There are two ways that the tests are run.
unstable is tested via debci-batch from the debci package
- testing is tested by britney, the migration software maintained by the Release Team.
This page explains the latter setup.
For several years already, maintainers can add autopkgtest test cases to their packages, which are then run on the continuous integration platform on ci.d.n. debci, the framework that runs that site has an API to test individual packages from unstable in testing. britney (the software that determines which packages are allowed to migrate) uses this API to trigger tests for packages that are candidate for migration from unstable to testing and use the results to influence the required age in unstable before the package can migrate to testing. The idea is that a package that is candidate for migration is updated in testing to its candidate version and that the autopkgtest case(s) of the package and those of all reverse dependencies are run. Regression in the results with respect to the current situation in testing will add to the required time a package needs to be in unstable (via the age policy). This extra time can then be used to investigate the situation and file proper bugs to the appropriate package(s), if there is a bug somewhere. On the other hand, if a package has (a) successful autopkgtest(s) and no regression otherwise, it will be rewarded with a reduced required age. Information on what happens is added to the excuses.

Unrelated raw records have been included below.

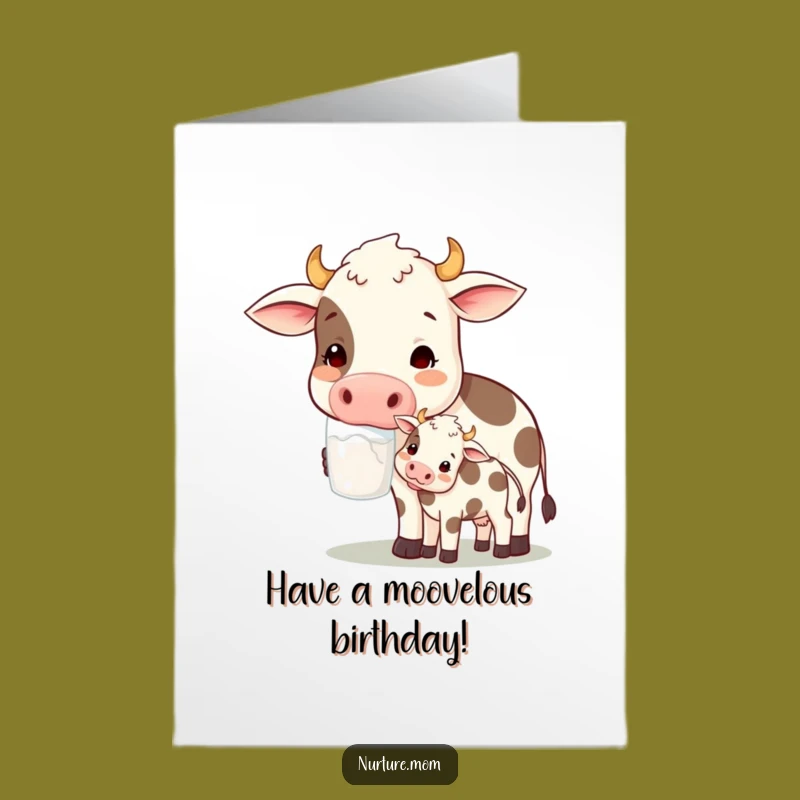 Free Printable Birthday Card: Cow Mom Milk, Wholesome Animal Gift
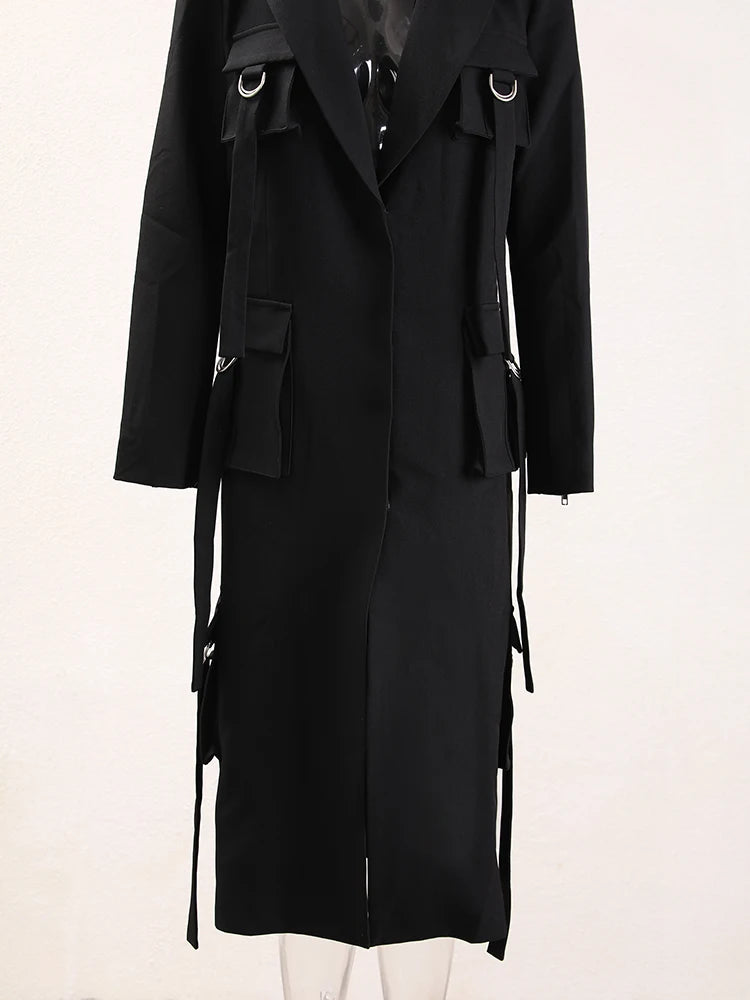 Pre Order:  Multi Pockets Lapel Covered Button Trench Coat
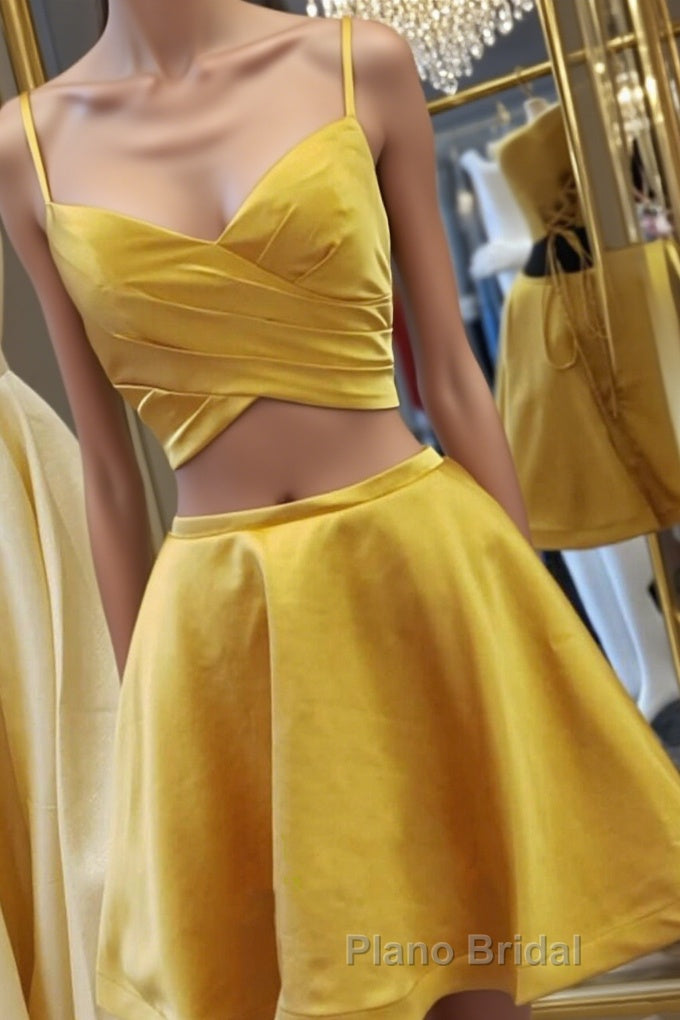 Two Pieces Short Yellow Formal Prom Dresses, Short Yellow 2 Pieces Formal Homecoming Dresses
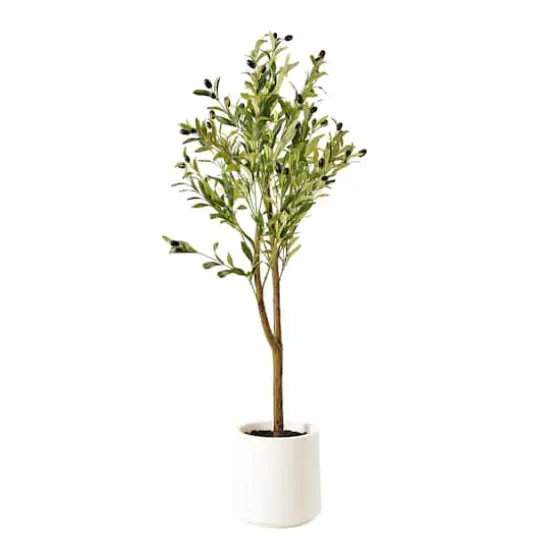American Art Decor 4ft. Realistic Artificial Olive Tree in White Pot {1}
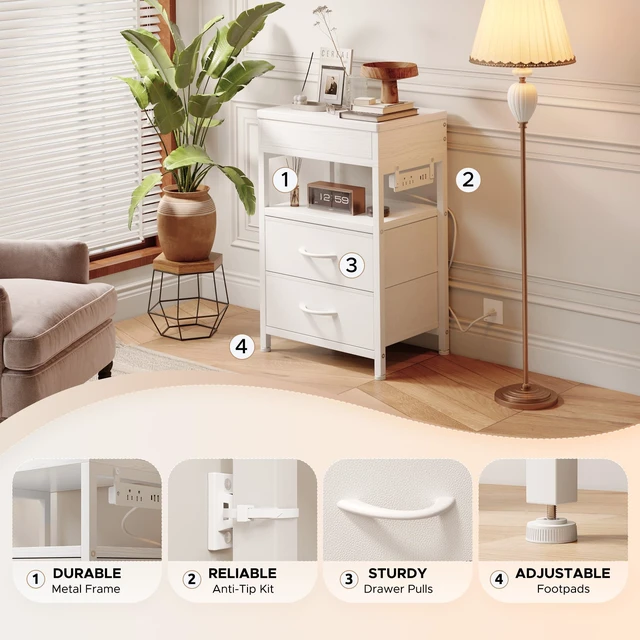 Alt view image 7 of 7 - Nightstand with Lockable Hidden Compartment, 2 Drawers, White | Sliding Top Storage, Charging Station, 2 AC Outlets, 2 USB Ports, a USB-C Port, Fabric Drawers, Bedroom, Dorm, Living Room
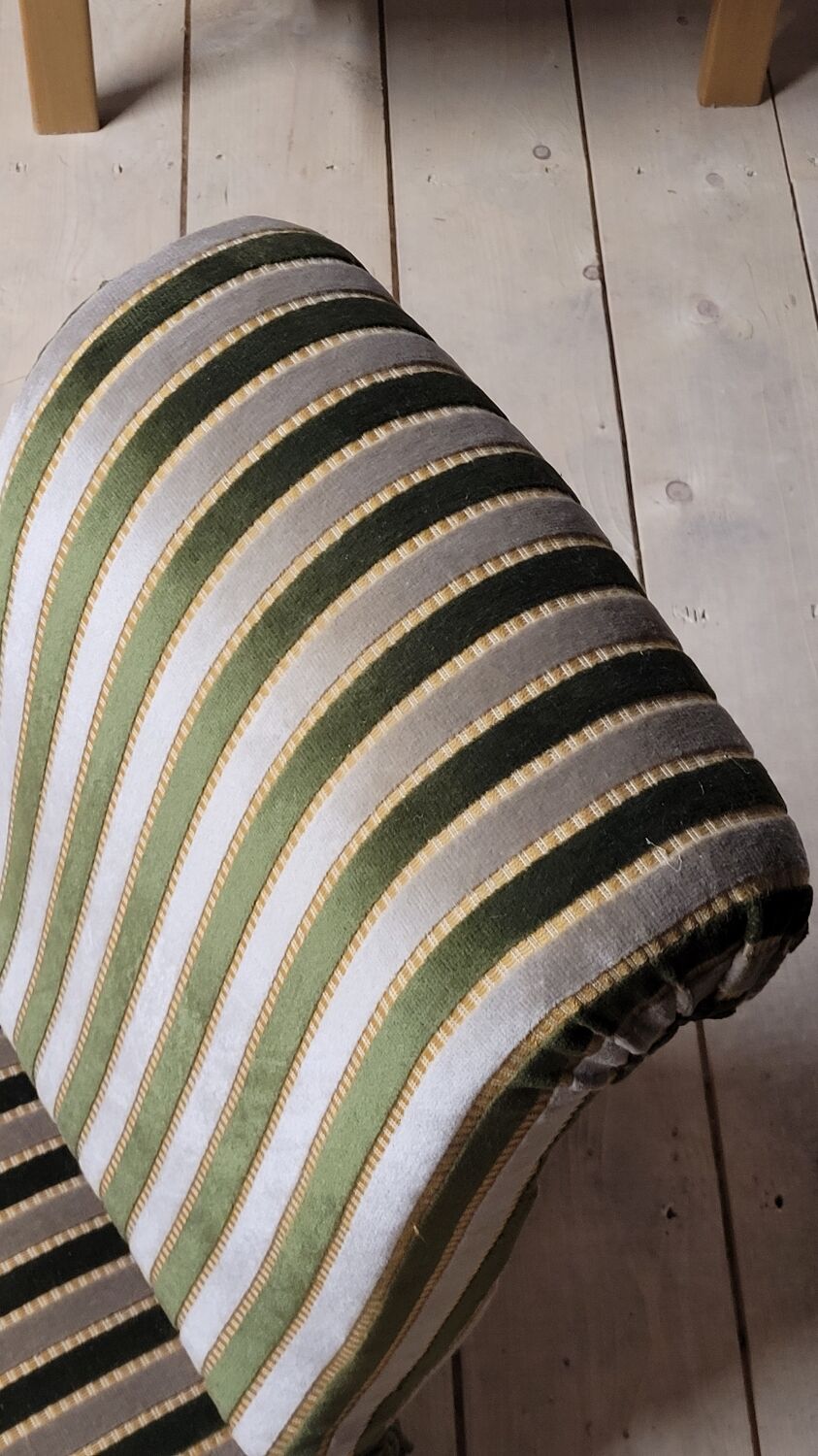 Napoleon III period velvet fireside chair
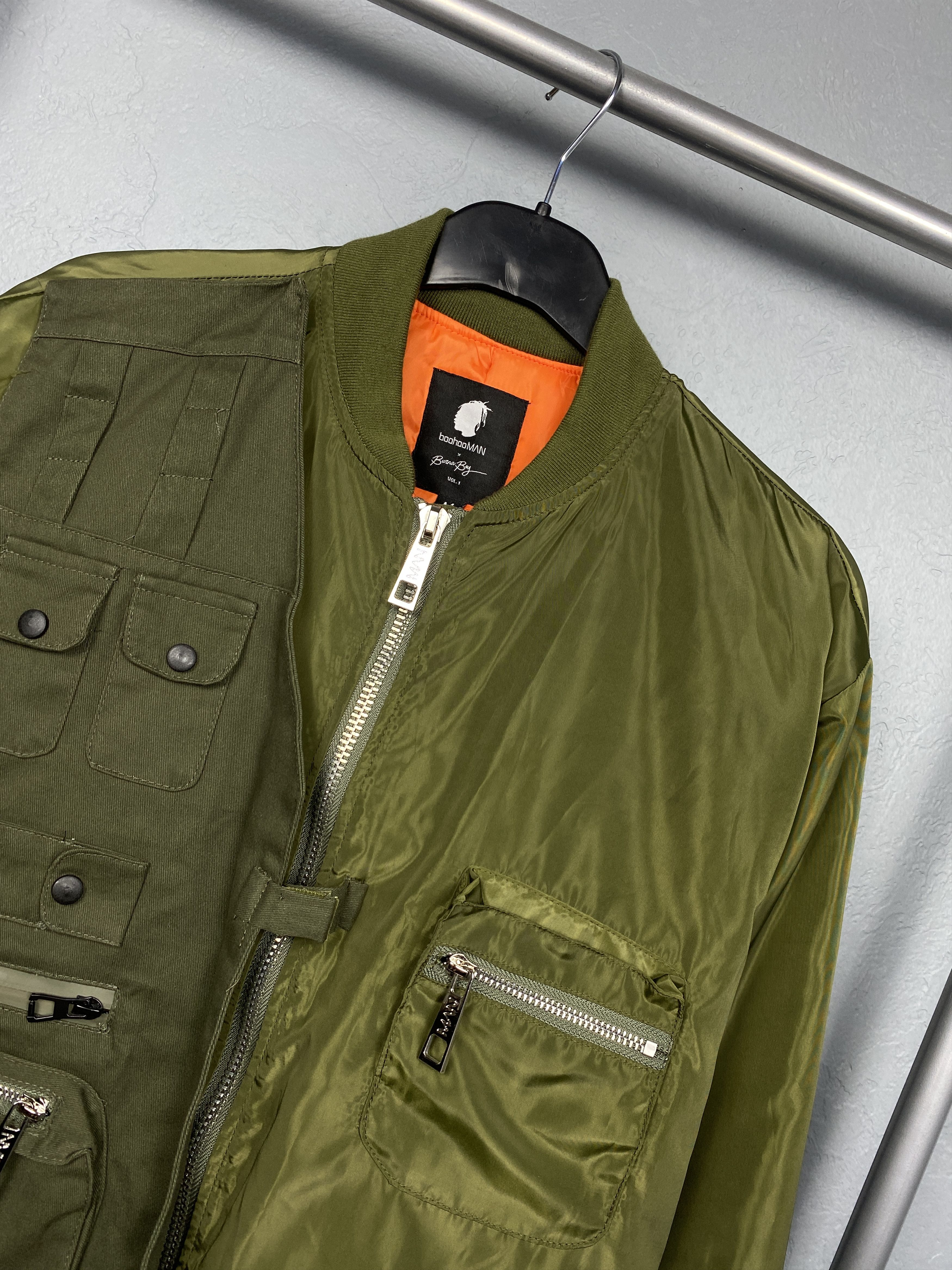 Boohoo Burna Boy Bomber Jacket With Utility Vest Y2K Size US M / EU 48-50 / 2 - 2 Thumbnail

It is the intention that in the (far) future regressions will become blocking for migration, but until then the added age will probably be raised over time as a semi-block.
There is one important note to make here on how to go about regressions in test cases from reverse dependencies. We recommend communication between the maintainers of the involved packages as one party has insight in what changed and the other party insight in what is being tested. More information is available in the britney documentation.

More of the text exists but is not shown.